[Cython] cython.parallel tasks, single, master, critical, barriers

mark florisson markflorisson88 at gmail.com
Sun Oct 9 15:44:05 CEST 2011


On 9 October 2011 14:39, mark florisson <markflorisson88 at gmail.com> wrote:
> On 9 October 2011 14:30, mark florisson <markflorisson88 at gmail.com> wrote:
>> On 9 October 2011 13:57, Dag Sverre Seljebotn
>> <d.s.seljebotn at astro.uio.no> wrote:
>>> On 10/09/2011 02:18 PM, Dag Sverre Seljebotn wrote:
>>>>
>>>> On 10/09/2011 02:11 PM, mark florisson wrote:
>>>>>
>>>>> Hey,
>>>>>
>>>>> So far people have been enthusiastic about the cython.parallel features,
>>>>> I think we should introduce some new features. I propose the following,
>>>>
>>>> Great!!
>>>>
>>>> I only have time for a very short feedback now, perhaps more will follow.
>>>>
>>>>> assume parallel has been imported from cython:
>>>>>
>>>>> with parallel.master():
>>>>> this is executed in the master thread in a parallel (non-prange)
>>>>> section
>>>>>
>>>>> with parallel.single():
>>>>> same as master, except any thread may do the execution
>>>>>
>>>>> An optional keyword argument 'nowait' specifies whether there will be a
>>>>> barrier at the end. The default is to wait.
>>>
>>> I like
>>>
>>> if parallel.is_master():
>>>    ...
>>> explicit_barrier_somehow() # see below
>>>
>>> better as a Pythonization. One could easily support is_master to be used in
>>> other contexts as well, simply by assigning a status flag in the master
>>> block.
>>>
>>> Using an if-test flows much better with Python I feel, but that naturally
>>> lead to making the barrier explicit. But I like the barrier always being
>>> explicit, rather than having it as a predicate on all the different
>>> constructs like in OpenMP....
>>
>> Hmm, that might mean you also want the barrier for a prange in a
>> parallel to be explicit.
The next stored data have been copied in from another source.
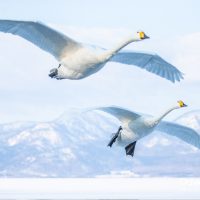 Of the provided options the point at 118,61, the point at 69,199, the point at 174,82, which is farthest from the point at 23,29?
the point at 69,199

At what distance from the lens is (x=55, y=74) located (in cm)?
1922

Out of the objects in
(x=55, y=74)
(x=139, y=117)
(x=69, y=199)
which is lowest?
(x=69, y=199)

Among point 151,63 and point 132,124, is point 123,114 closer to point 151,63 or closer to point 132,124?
point 132,124

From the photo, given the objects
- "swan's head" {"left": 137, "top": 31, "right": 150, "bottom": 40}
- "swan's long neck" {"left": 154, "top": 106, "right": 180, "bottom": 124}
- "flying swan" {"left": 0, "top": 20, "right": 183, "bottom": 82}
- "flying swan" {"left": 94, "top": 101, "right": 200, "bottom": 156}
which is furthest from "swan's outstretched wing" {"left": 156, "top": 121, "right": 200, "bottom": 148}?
"swan's head" {"left": 137, "top": 31, "right": 150, "bottom": 40}

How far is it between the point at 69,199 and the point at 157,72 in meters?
6.37

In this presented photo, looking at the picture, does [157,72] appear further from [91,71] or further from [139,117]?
[91,71]

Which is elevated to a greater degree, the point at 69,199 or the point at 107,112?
the point at 107,112

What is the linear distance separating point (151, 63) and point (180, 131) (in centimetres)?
198

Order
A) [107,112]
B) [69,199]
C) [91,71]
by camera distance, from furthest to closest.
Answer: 1. [69,199]
2. [107,112]
3. [91,71]

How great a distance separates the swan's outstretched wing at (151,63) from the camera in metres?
21.9

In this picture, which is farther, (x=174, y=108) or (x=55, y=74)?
(x=174, y=108)

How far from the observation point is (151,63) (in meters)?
22.5

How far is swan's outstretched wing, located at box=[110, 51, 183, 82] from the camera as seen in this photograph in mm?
21891

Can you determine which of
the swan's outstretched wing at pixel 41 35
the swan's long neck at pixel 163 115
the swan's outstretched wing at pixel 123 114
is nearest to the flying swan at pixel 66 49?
the swan's outstretched wing at pixel 41 35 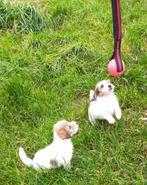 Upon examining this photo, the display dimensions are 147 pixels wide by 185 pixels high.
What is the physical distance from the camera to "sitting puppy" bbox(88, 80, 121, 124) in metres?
3.83

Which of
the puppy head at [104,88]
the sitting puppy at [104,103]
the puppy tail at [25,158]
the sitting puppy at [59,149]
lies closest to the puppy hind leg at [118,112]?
the sitting puppy at [104,103]

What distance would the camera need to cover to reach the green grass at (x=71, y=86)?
3.69m

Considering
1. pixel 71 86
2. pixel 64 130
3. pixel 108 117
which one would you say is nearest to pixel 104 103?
pixel 108 117

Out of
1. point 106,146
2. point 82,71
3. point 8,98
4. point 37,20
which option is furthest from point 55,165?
point 37,20

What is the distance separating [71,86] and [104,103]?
2.14 ft

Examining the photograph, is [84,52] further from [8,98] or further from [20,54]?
[8,98]

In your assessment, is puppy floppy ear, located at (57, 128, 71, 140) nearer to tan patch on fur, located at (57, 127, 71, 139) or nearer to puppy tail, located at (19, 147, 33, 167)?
tan patch on fur, located at (57, 127, 71, 139)

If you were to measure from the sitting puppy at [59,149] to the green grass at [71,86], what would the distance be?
0.09 meters

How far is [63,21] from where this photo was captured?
528 cm

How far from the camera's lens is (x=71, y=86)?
14.6 feet

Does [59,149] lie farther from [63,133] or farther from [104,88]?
[104,88]

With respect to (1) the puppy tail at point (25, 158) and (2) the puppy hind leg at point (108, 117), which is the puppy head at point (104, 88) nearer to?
(2) the puppy hind leg at point (108, 117)

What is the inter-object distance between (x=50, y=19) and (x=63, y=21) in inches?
5.0

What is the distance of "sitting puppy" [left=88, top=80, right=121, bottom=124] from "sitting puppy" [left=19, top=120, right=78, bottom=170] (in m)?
0.37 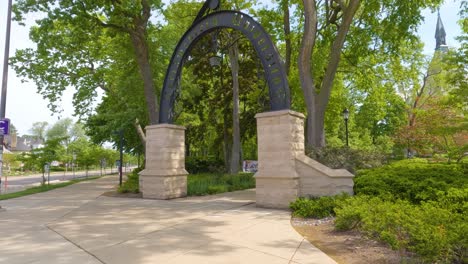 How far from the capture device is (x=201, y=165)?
28.9 meters

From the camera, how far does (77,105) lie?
25.9 meters

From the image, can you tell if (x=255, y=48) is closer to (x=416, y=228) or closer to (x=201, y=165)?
(x=416, y=228)

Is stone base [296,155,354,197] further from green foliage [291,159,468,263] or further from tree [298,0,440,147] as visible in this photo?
tree [298,0,440,147]

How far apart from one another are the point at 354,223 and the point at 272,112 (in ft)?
14.4

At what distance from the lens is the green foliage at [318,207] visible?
777 cm

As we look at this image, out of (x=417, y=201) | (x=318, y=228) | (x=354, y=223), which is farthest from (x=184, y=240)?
(x=417, y=201)

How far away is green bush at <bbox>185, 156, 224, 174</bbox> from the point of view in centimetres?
2811

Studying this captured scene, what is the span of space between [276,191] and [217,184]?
7.02 m

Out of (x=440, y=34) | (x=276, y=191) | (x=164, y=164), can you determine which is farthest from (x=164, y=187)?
(x=440, y=34)

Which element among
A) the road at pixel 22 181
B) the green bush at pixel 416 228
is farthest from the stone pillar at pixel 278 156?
the road at pixel 22 181

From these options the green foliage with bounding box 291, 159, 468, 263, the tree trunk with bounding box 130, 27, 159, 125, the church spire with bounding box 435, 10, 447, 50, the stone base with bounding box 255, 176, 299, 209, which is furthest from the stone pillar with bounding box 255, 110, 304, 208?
the church spire with bounding box 435, 10, 447, 50

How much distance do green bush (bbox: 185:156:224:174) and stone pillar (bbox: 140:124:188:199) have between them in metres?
14.5

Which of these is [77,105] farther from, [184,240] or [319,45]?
[184,240]

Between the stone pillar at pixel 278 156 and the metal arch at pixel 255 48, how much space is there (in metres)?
0.47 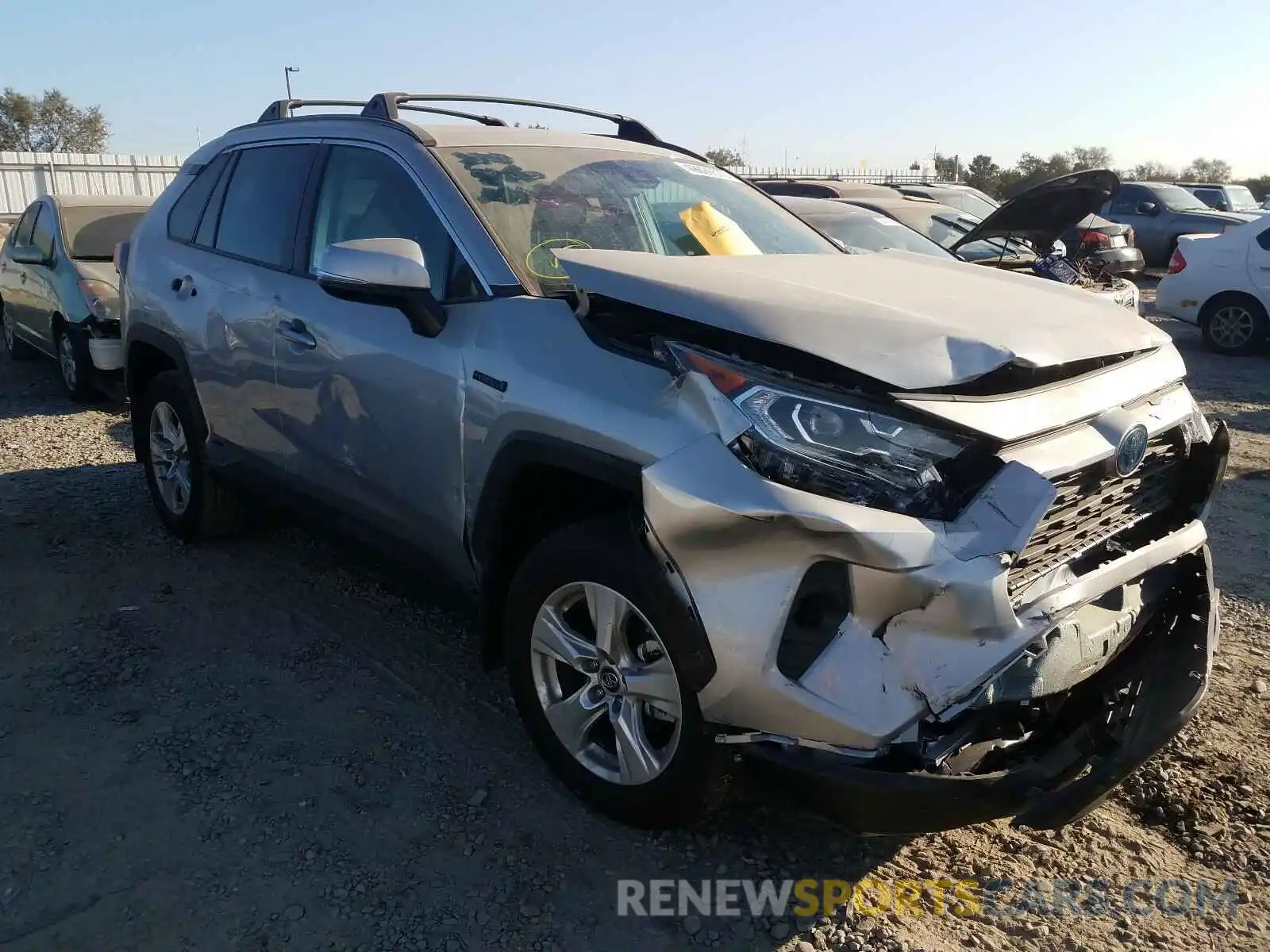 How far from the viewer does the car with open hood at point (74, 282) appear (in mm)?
7996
I like the 'if' test though, although it
>> wouldn't make sense for 'single'.
>>
>>> I'm less sure about single, since making it a function indicates one could
>>> use it in other contexts and the whole thing becomes too magic (since it's
>>> tied to the position of invocation). I'm tempted to suggest
>>>
>>> for _ in prange(1):
>>>    ...
>>>
>>> as our syntax for single.
>>
>> I think that syntax is absolutely terrible :) Perhaps single is not so
>> important and one can just use master instead (or, if really needed,
>> master + a task with the actual work).
>>
>>>>>
>>>>> with parallel.task():
>>>>> create a task to be executed by some thread in the team
>>>>> once a thread takes up the task it shall only be executed by that
>>>>> thread and no other thread (so the task will be tied to the thread)
>>>>>
>>>>> C variables will be firstprivate
>>>>> Python objects will be shared
>>>>>
>>>>> parallel.taskwait() # wait on any direct descendent tasks to finish
>>>>
>>>> Regarding tasks, I think this is mapping OpenMP too close to Python.
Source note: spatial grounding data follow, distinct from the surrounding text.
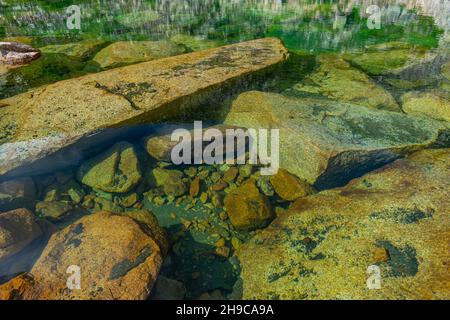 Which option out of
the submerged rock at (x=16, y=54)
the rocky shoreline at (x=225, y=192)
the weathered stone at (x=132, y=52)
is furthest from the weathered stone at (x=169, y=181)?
the submerged rock at (x=16, y=54)

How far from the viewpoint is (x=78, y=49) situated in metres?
6.74

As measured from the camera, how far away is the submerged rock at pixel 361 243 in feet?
9.20

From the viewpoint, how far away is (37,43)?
736 centimetres

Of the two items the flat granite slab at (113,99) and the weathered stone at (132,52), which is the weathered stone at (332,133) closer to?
the flat granite slab at (113,99)

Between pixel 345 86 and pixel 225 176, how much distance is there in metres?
2.47

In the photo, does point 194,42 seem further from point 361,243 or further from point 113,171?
point 361,243

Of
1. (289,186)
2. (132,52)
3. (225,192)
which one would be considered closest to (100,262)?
(225,192)

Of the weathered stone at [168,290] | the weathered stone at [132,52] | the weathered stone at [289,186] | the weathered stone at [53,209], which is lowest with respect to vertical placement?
the weathered stone at [168,290]

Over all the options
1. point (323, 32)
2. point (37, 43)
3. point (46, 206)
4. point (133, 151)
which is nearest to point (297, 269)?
point (133, 151)

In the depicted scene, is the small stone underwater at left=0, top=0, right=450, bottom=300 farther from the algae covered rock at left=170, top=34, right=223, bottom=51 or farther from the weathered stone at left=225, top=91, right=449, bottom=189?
the algae covered rock at left=170, top=34, right=223, bottom=51

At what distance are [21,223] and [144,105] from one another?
183cm

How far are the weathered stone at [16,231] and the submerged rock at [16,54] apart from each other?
12.2 ft

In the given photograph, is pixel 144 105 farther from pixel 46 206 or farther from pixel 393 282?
pixel 393 282

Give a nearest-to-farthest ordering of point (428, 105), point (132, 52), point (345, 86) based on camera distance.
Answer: point (428, 105)
point (345, 86)
point (132, 52)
>>>> Closures are excellent for the notion of a task, so I think something
>>>> based on the futures API would work better. I realize that makes the
>>>> mapping to OpenMP and implementation a bit more difficult, but I think
>>>> it is worth it in the long run.
>>>>
>>>>>
>>>>> with parallel.critical():
>>>>> this section of code is mutually exclusive with other critical sections
>>>>> optional keyword argument 'name' specifies a name for the critical
>>>>> section,
>>>>> which means all sections with that name will exclude each other,
>>>>> but not
>>>>> critical sections with different names
>>>>>
>>>>> Note: all threads that encounter the section will execute it, just
>>>>> not at the same time
>>>
>>> Yes, this works well as a with-statement...
>>>
>>> ..except that it is slightly magic in that it binds to call position (unlike
>>> anything in Python). I.e. this would be more "correct", or at least
>>> Pythonic:
>>>
>>> with parallel.critical(__file__, __line__):
>>>    ...
>>>
>>
>> I'm not entirely sure what you mean here. Critical is really about the
>> block contained within, not about a position in a file. Not all
>> threads have to encounter the critical region, and not specifying a
>> name means you exclude with *all other* unnamed critical sections (not
>> just this one).
>>
>>>>>
>>>>> with parallel.barrier():
>>>>> all threads wait until everyone has reached the barrier
>>>>> either no one or everyone should encounter the barrier
>>>>> shared variables are flushed
>>>
>>> I have problems with requiring a noop with block...
>>>
>>> I'd much rather write
>>>
>>> parallel.barrier()
>>
>> Although in OpenMP it doesn't have any associated code, but we could
>> give it those semantics: apply the barrier at the end of the block of
>> code. The con is that the barrier is at the top while it only affects
>> leaving the block, you would write:
>>
>> with parallel.barrier():
>>    if rand() > .5:
>>        ...
>>    else:
>>        ...
>> # the barrier is here
>>
>>> However, that ties a function call to the place of invocation, and suggests
>>> that one could do
>>>
>>> if rand() > .5:
>>>    barrier()
>>> else:
>>>    i += 3
>>>    barrier()
>>>
>>> and have the same barrier in each case. Again,
>>>
>>> barrier(__file__, __line__)
>>>
>>> gets us purity at the cost of practicality.
>>
>> In this case (unlike the critical construct), yes. I think a warning
>> in the docs stating that either all or none of the threads must
>> encounter the barrier should suffice.
>>
>>> Another way is the pthreads
>>> approach (although one may have to use pthread rather then OpenMP to get it,
>>> unless there are named barriers?):
>>>
>>> barrier_a = parallel.barrier()
>>> barrier_b = parallel.barrier()
>>> with parallel:
>>>    barrier_a.wait()
>>>    if rand() > .5:
>>>        barrier_b.wait()
>>>    else:
>>>        i += 3
>>>        barrier_b.wait()
>>>
>>>
>>> I'm really not sure here.
>>
>> I think we should really just say to the user: "dont do this". There
>> are no named barriers, implementing this wouldn't be easy at all (in
>> fact, I'm not sure you can specify sane semantics for this if you have
>> more branches and some do not contain the same barrier). The block
>> structure for barriers would help here, as blocks are inconvenient to
>> write:
>>
>> if C:
>>    with barrier(): ...
>> else:
>>    with barrier(): ...
>>
>> is just not nice to write, you would instead write
>>
>> with barrier():
>>    if C:
>>        ...
>>    else:
>>        ...
>
> This would also allow one to write
>
> with barrier(), master():
>    ...
>
> Basically it's up to the user to use it sensibly. Usually you want a
> barrier to ensure that you have a well-defined state set by some code.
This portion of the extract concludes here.